## [Exercise]
Would you please print exactly the lines that run from the one with "Glenn Robinson" to the last line of the data, both included, without any pictures?

## [Exercise input]
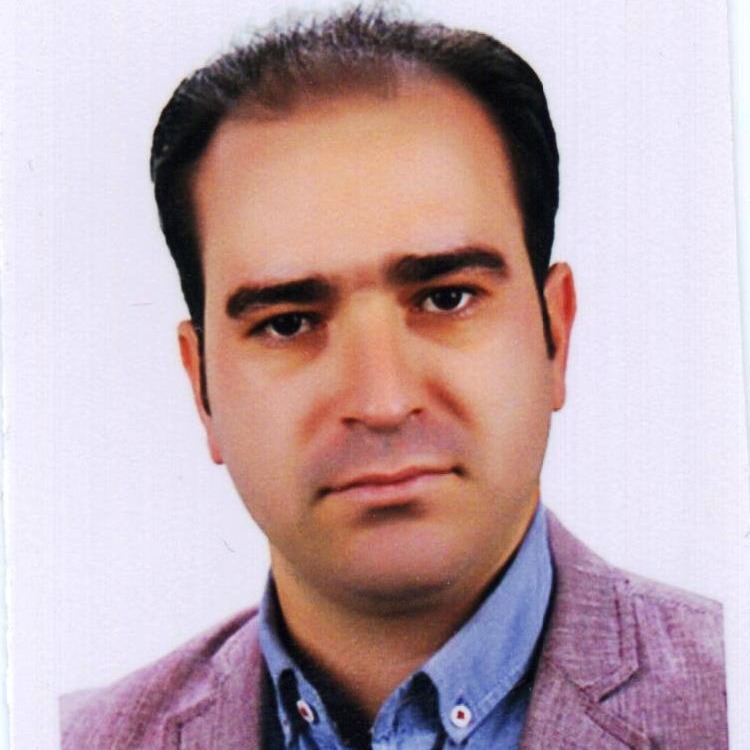 سعید بلالی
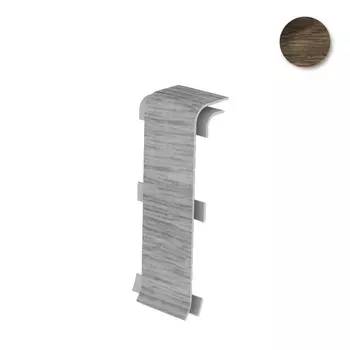 Соединитель ESQUERO 610 ПАК 2 шт.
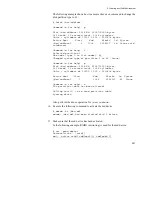 Предварительный просмотр 265 страницы Hitachi Dynamic Link Manager User Manual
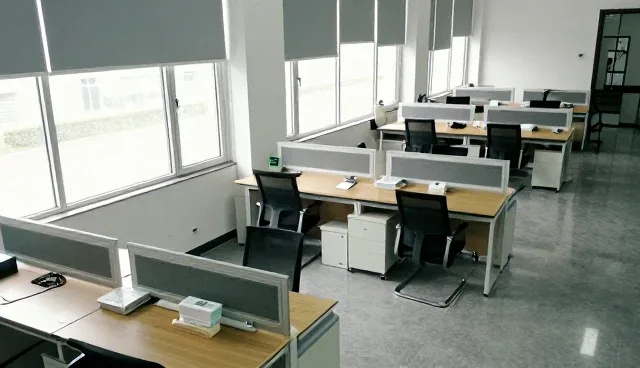 精细化学品销售:定制化包装方案在跨区域项目的应用要点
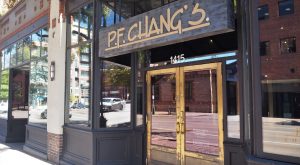 pfchangs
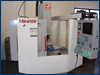 cnc machining center, cnc mills, cnc turning, cnc lathes, cnc maching services, cnc turning center,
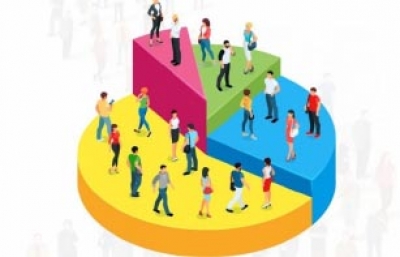 АҲОЛИНИ РЎЙХАТГА ОЛИШ - МУҲИМ МАСАЛА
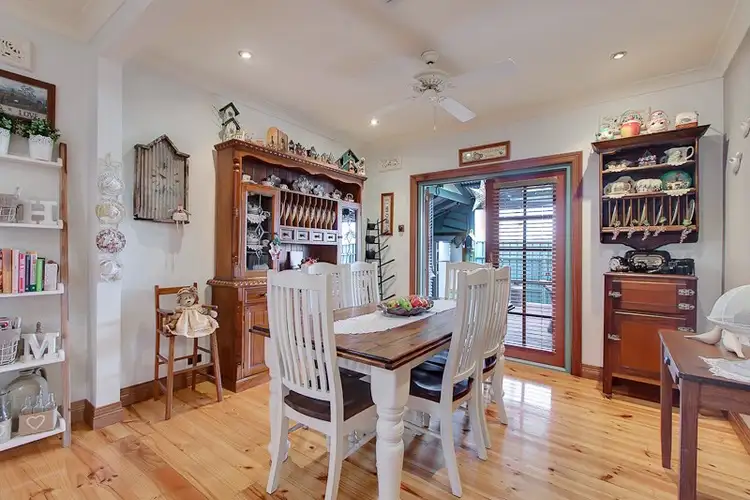 Seventh view of Homely house listing, 22 Saltash Avenue, Christies Beach SA 5165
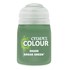 Picture of Kroak Green (18ml) Shade Paint 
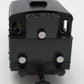 Marklin 30295 HO Dampflok Lindau D VII K.L.V.M. Delta Digital Steam Locomotive LN/Box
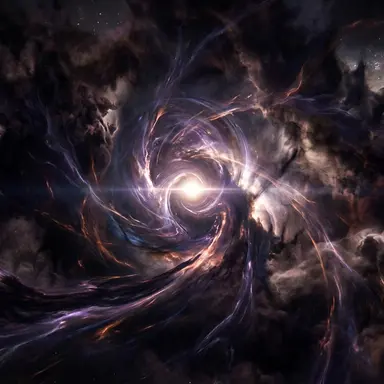 Profile image of Adam Kadmon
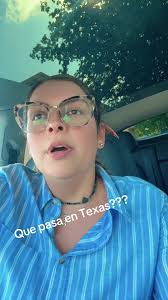 Venezolanos En Katy Texas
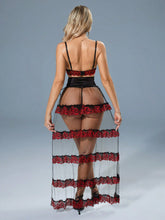 Load image into Gallery viewer, 2
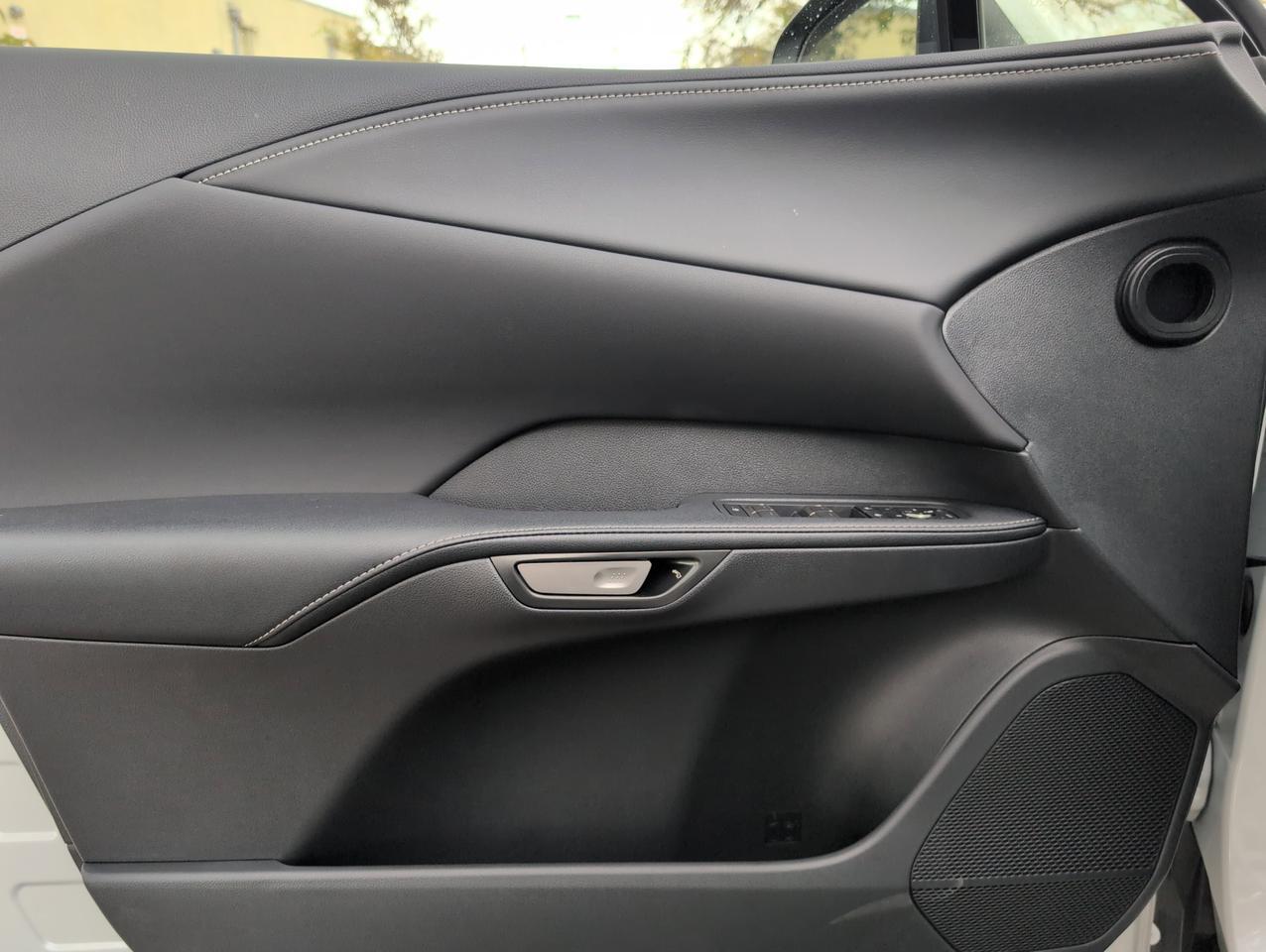 2025 Lexus RX San Antonio TX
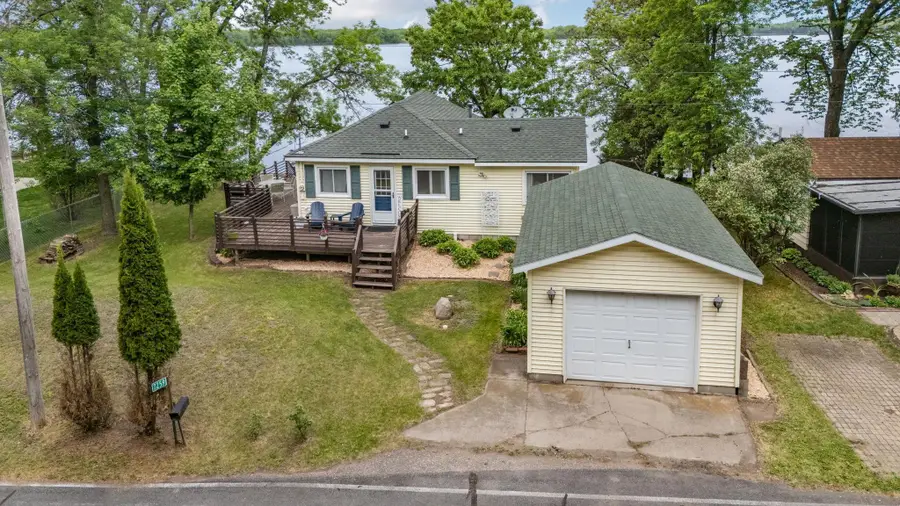 7259 100th Avenue Se, Clear Lake, MN 55319 - #2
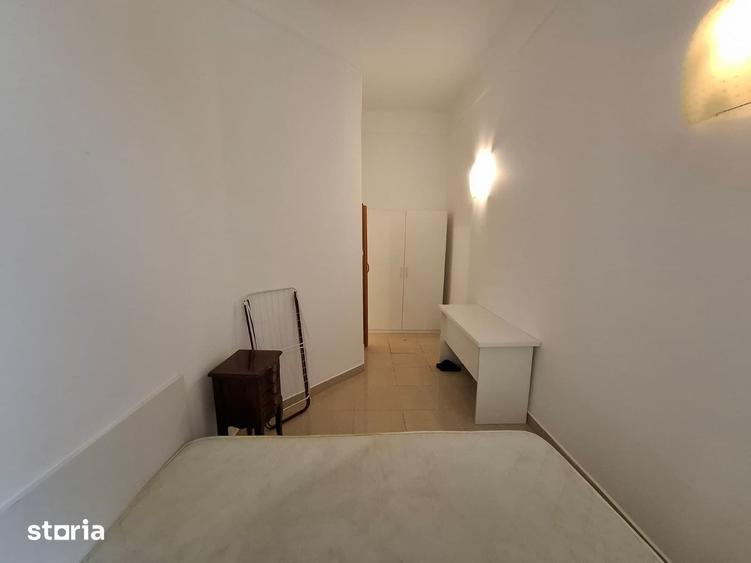 Vand apartament 2 camere Central Cicio Pop ID: 44856 - 6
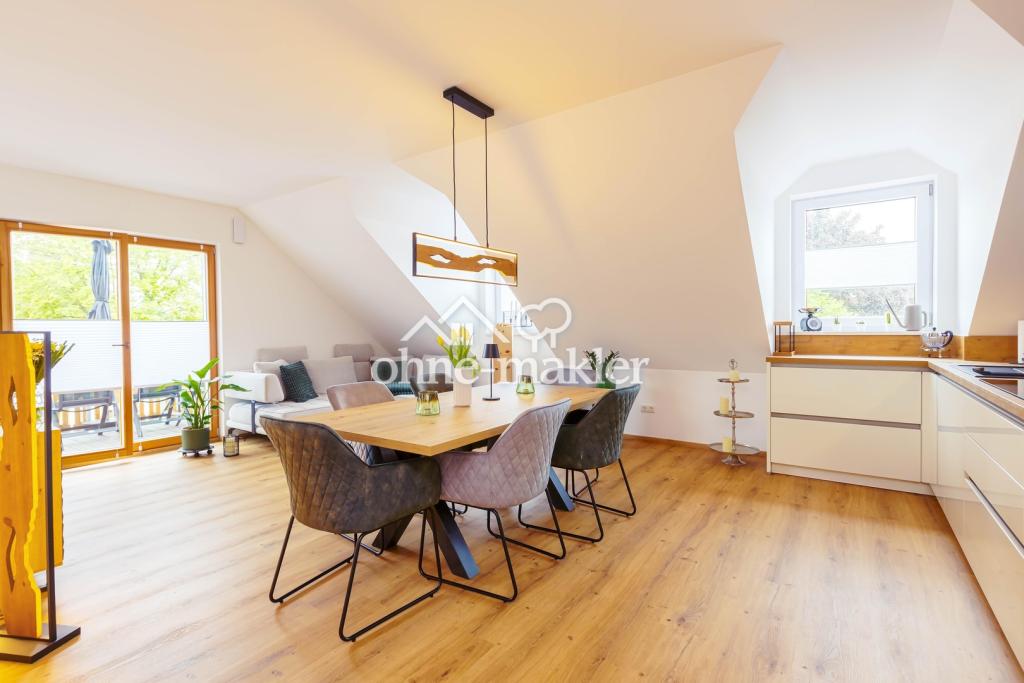 MUSTERWOHNUNG_ESSEN_WOHNEN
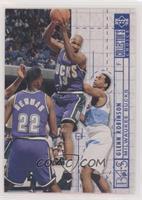 Glenn Robinson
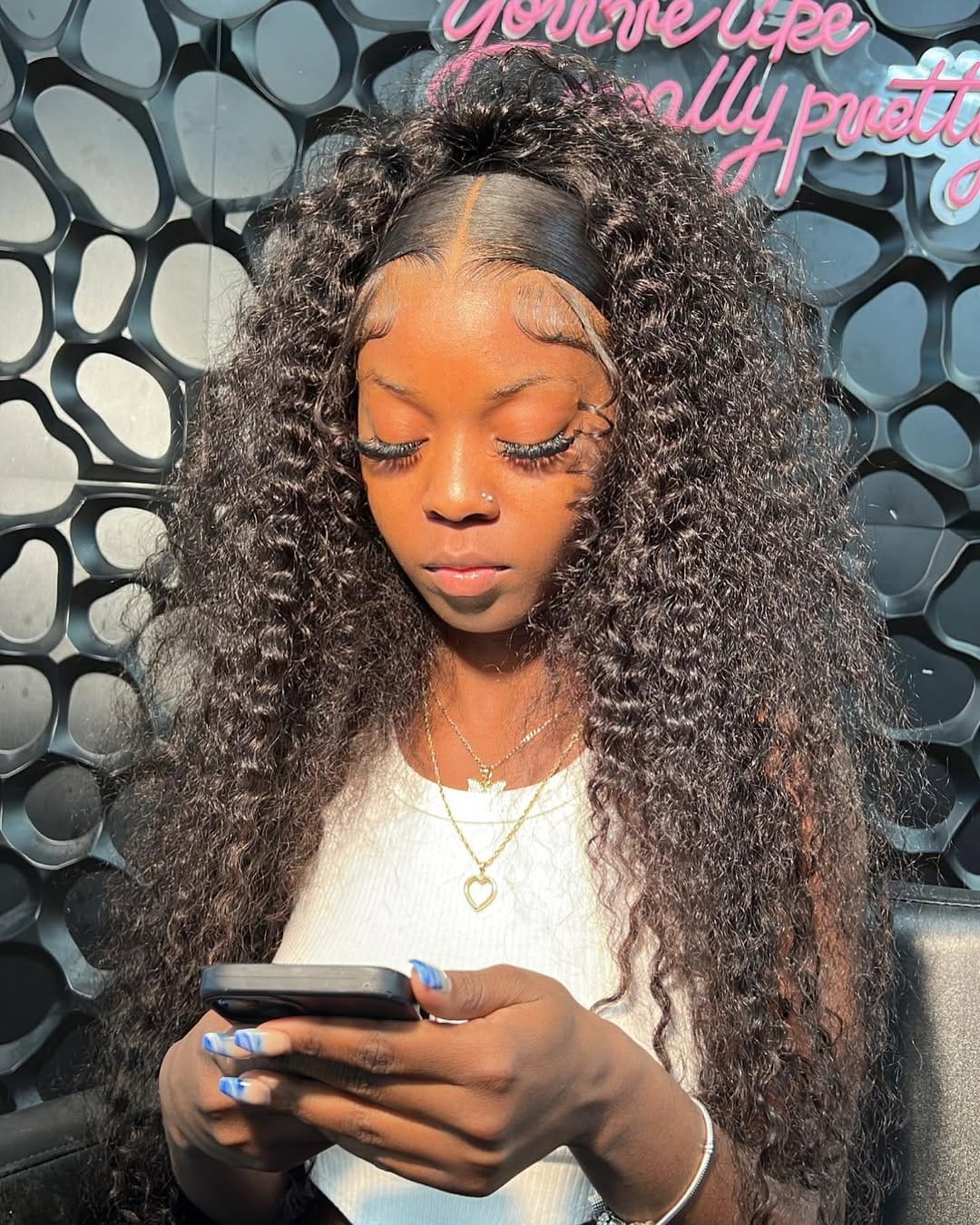 Post 10 by @stylesbyluckss on Instagram (carousel)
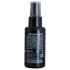 HOT ero - emättimen kiristävä suihke naisille (50 ml)
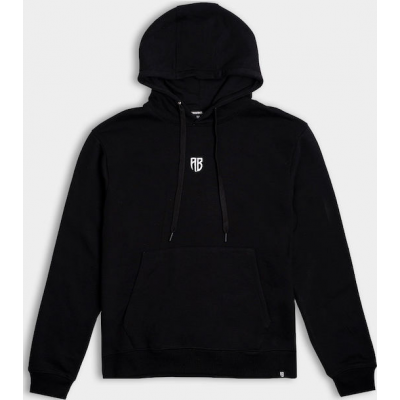 Antetokounbros AB Element Hoodie Ανδρικό Φούτερ APCD352U28-001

## [Task result]
 Glenn Robinson
 Post 10 by @stylesbyluckss on Instagram (carousel)
 HOT ero - emättimen kiristävä suihke naisille (50 ml)
 Antetokounbros AB Element Hoodie Ανδρικό Φούτερ APCD352U28-001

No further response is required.